How Visa Used Waze To Drive Awareness During — And Beyond — The Rio Olympics
Visa aimed to raise brand awareness in the Rio market by delivering Olympic-themed 'Zero-speed' Takeovers to drivers when they were at a complete stop.
August’s Rio Olympics may seem like a distant memory to spectators and viewers, but to brands and the tech marketing companies working with them, the insights are just coming in.
Driving navigation app Waze provided several examples of how it tied its global marketing reach to its broad Olympics-focused marketing programs both in the US and in Rio during the games.
While it can be difficult to tie a brand’s fortunes to such an intensely viewed event — in essence, advertisers are practically competing for the same spectators’ limited attention — Waze showed how it could command interest without interrupting the main event among the 1 million visitors.
Since use of the Waze app spiked between midnight and 5am, the Google-owned company was able to demonstrate its resonance with consumers leading an active nightlife throughout the festivities — and at least for those moments, no one was distracted by the athletic competitions.
Credit card provider Visa took advantage of driving navigation app Waze’s Olympics marketing programs in Rio to increase brand awareness in the Brazilian city by delivering Olympic-themed Zero-speed Takeovers to drivers when they were at a complete stop.
In general, when major events like the Olympics take place, Waze becomes even more important to helping drivers through their traffic and purchase decisions, a Waze rep told GeoMarketing. In fact, Waze’s data from the Rio Olympics shows that among the most trafficked destinations in Brazil, four categories are related to businesses: airports, restaurants, hotels, and retail.
Visa ensured their payment option was top of mind for drivers throughout the festivities as they went about their day — Waze now acts as the provider of the best route to your destination and the digital billboard people see along the way.
“Advertisers and marketers want to be a part of major events to drive brand awareness, but many end up lost in the clutter of campaigns,” said Jordan Grossman, Waze’s head of North America Sales. “With Waze, we continue to help brands use the context of a drive to connect with users in real time, enhancing our users’ overall driving experience by providing brands with the opportunity to connect in an authentic way.

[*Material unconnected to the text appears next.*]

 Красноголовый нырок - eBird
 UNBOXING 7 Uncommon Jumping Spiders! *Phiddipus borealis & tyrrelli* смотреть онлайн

Brands can also benefit from the driving behavior insights we garnered during the Games to inform strategy on future major traffic event campaigns such as the Super Bowl.”
The impact on Visa’s marketing was not limited to Rio residents. As Waze noted, among international visitors, Americans had the highest number of navigations in Rio during August, at 51 percent (Portugal trailed in second place at 4.4 percent and France had 4.1 percent).
It’s important to note that Waze is not just focused on getting people from one point to another quickly. Apart from other mapping and navigation platforms, Waze is also a social media app, and the sharing that its 65 million global users do is vastly different from the marketing on Facebook, Instagram, Twitter, or Pinterest.
“Social app adoption is not limited to sharing and consuming content—many apps designed for utility now include social and sharing opportunities,” Ana Sofia Reis and Flavia Rosario write on Waze’s blog, The Compass, in their wider overview of the app’s marketing work during Rio.